In a word, the legislative bodies of these cultural outposts have proposed legislation to curtail the development of wind energy in their precincts. In the case of Kansas, the state's current legal requirement that energy providers include a mandated percentage of renewable options in their commercial portfolios is under the gun; Oklahoma is anxious to preserve its dubious scenic beauty by a moratorium on wind farms east of an arbitrary line along the Interstate 35 corridor, damning their brothers and sisters in the west to the unsightly if lucrative prospect of wind turbines along the endless brown horizon.

It can't be a coincidence that the statesmen and women of these two provinces are in the backyard of Koch Industries' Wichita offices, where the brothers Koch are known to do a brisk trade in gas and oil, fertilizers, commodities, and a sizeable stable of hacks in statehouses and congressional seats.

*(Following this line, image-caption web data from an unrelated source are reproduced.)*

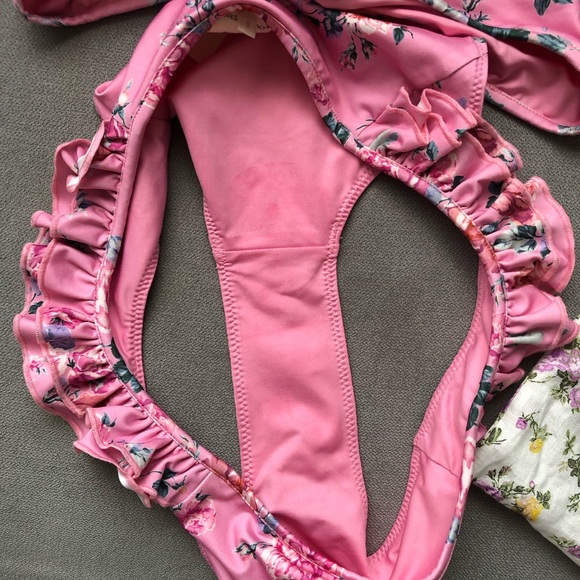 LoveShackFancy Frost Bikini Set Rosy Peaches S - Picture 6 of 9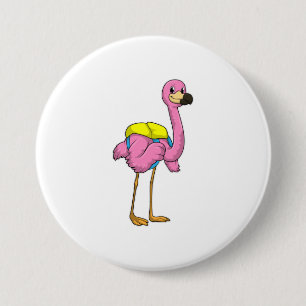 Flamingo als Schüler mit Schultasche Button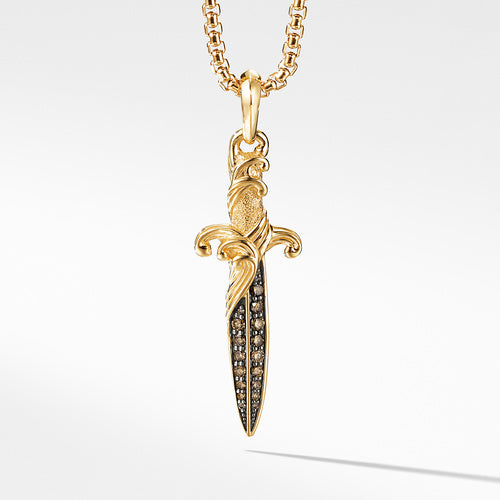 Waves Dagger Amulet in 18K Yellow Gold with Pavé Cognac Diamonds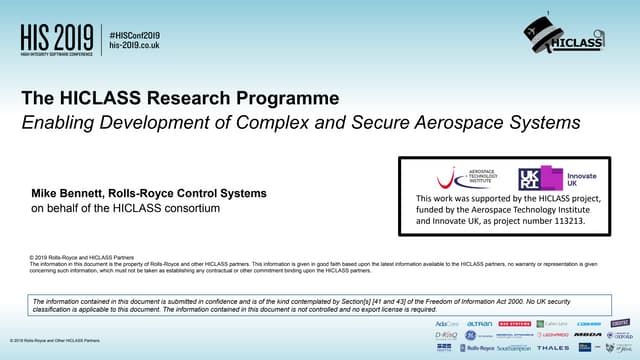 Introducing the HICLASS Research Programme - Enabling Development of Complex and Secure Aerospace Systems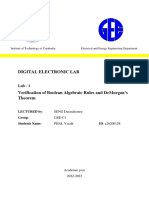 Verification of Boolean Algebraic Rules and DeMorgan's Theorem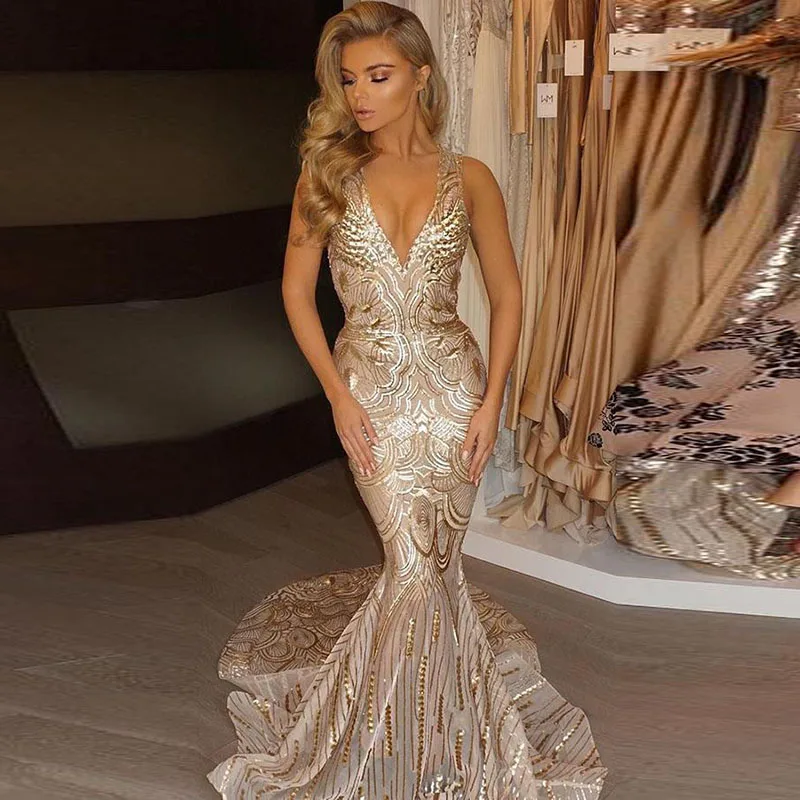 

Mermaid Evening Dresses Long 2019 V-Neck Sequins Backless Robe De Soiree Sexy Evening Gown Vestido De Festa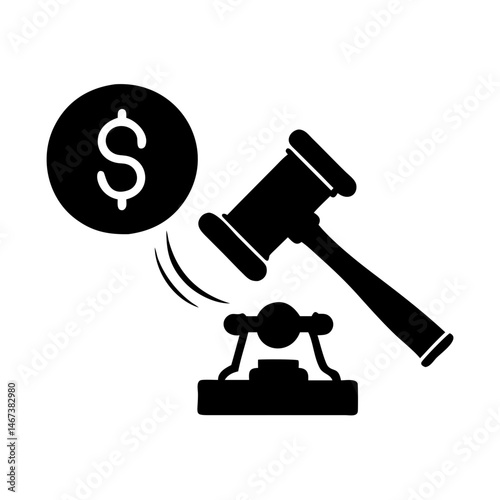 Economic Justice Served Gavel Hitting Impact, Money and Legal Decisions Black Silhouette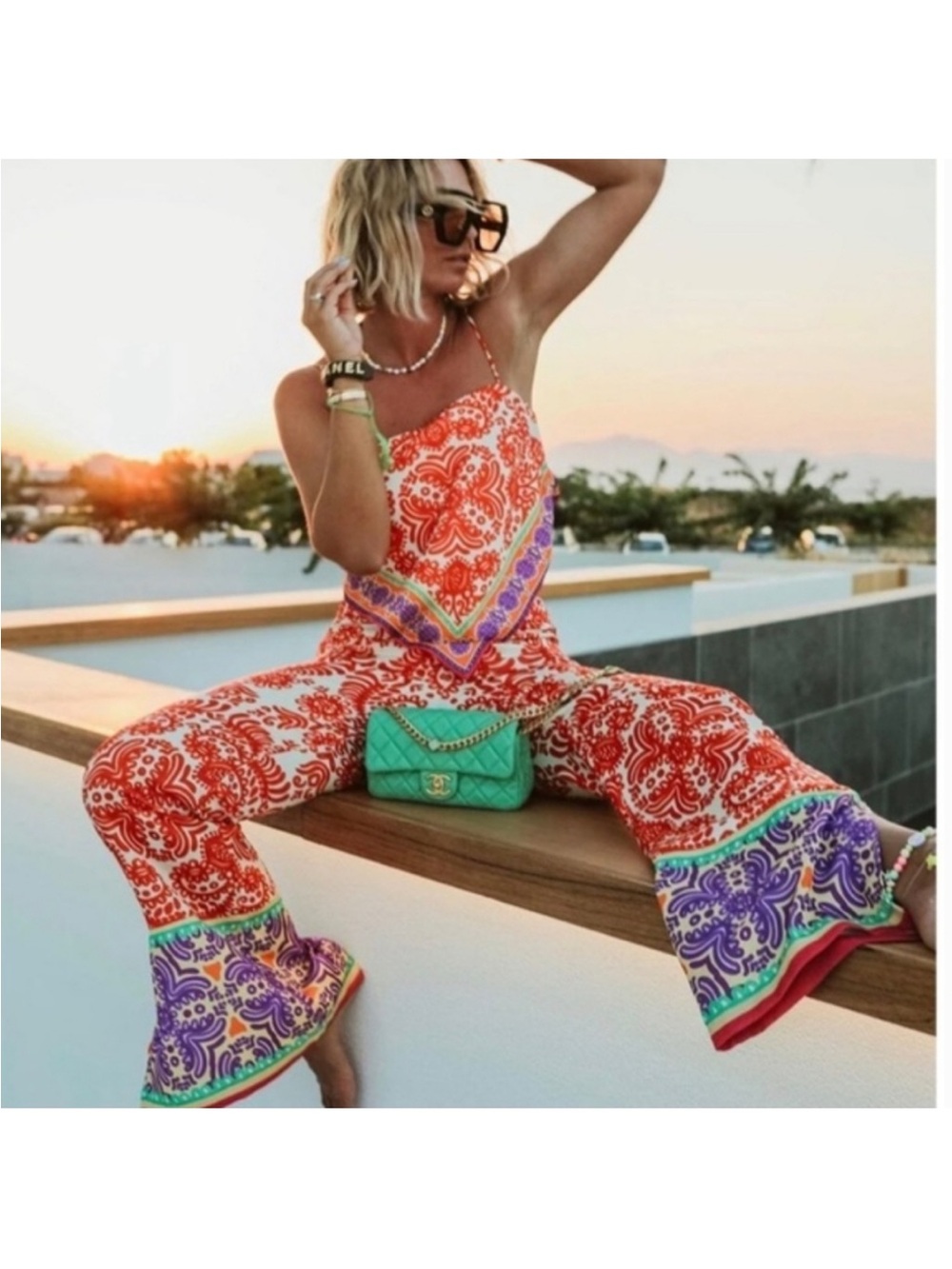 Zara Satin Bohemian Wide Leg Pants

Having lately taken a monkish vow of indifferent ignorance, I was loathe to be reminded again of a world at large. Zeno's news sent me into a brown study, an unsatisfactory reverie on the nature of America's best and brightest. A professional politician, being readily available for purchase, is most often likened to a sex worker - unfairly in my judgment, since the only thing you can buy from a sex worker is his or her services, and a sex worker's success and reputation relies on giving professional satisfaction through the mastery of certain tangible and defined techniques. But a politician can be purchased whole and entire, body and soul. A sex worker's motivations might plausibly be some mixture of both commerce and philanthropy, but the motive energies of a politician are unvaryingly singular and pure. What passes for a democratic election these days is little more than a Craigslist complete with 'pics'. For the convenience of your further engagement in the processes of democracy, they all have a Paypal account.